Instructions for the task - What are the lines from the one containing "Sweat-shirts sans capuche" through the last line of the records below? Return them exactly, leaving out pictures.

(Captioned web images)
____________________

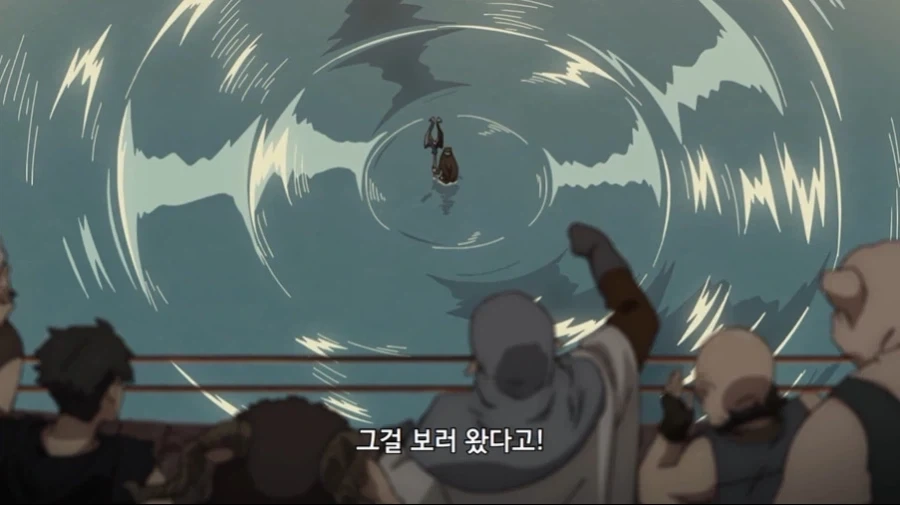 마참네 자신의 정체를 까발린 수인누나_4.webp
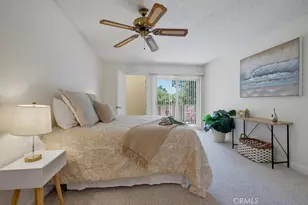640 N Brea, Brea, CA 92821 - Photo 17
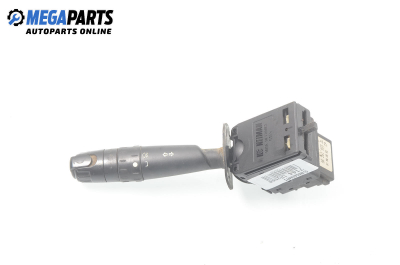 Лостче за светлини за Fiat Ulysse Minivan I (06.1994 - 08.2002)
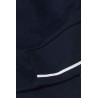 Sweat-shirts sans capuche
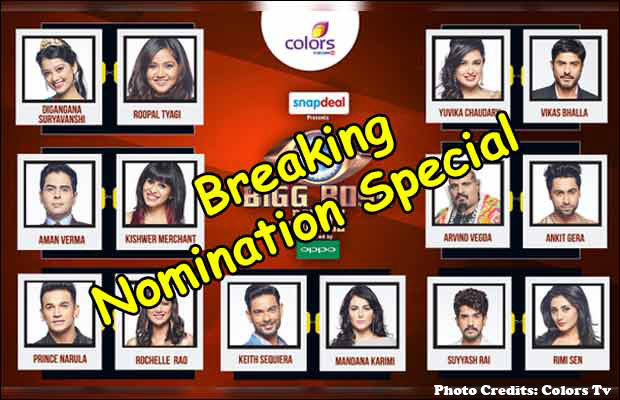 Nominations-Bigg-Boss-9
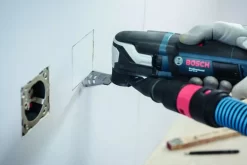 Lame Multi-matériaux Starlock -Outil De Maison Boutique SET 53890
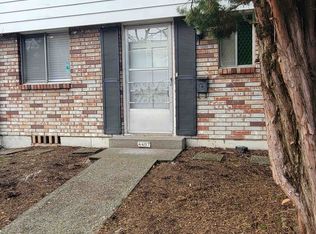 4407-4415 SE Morrison St #4407, Portland, OR 97215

____________________

Answer below -
 Sweat-shirts sans capuche
 Nominations-Bigg-Boss-9
 Lame Multi-matériaux Starlock -Outil De Maison Boutique SET 53890
 4407-4415 SE Morrison St #4407, Portland, OR 97215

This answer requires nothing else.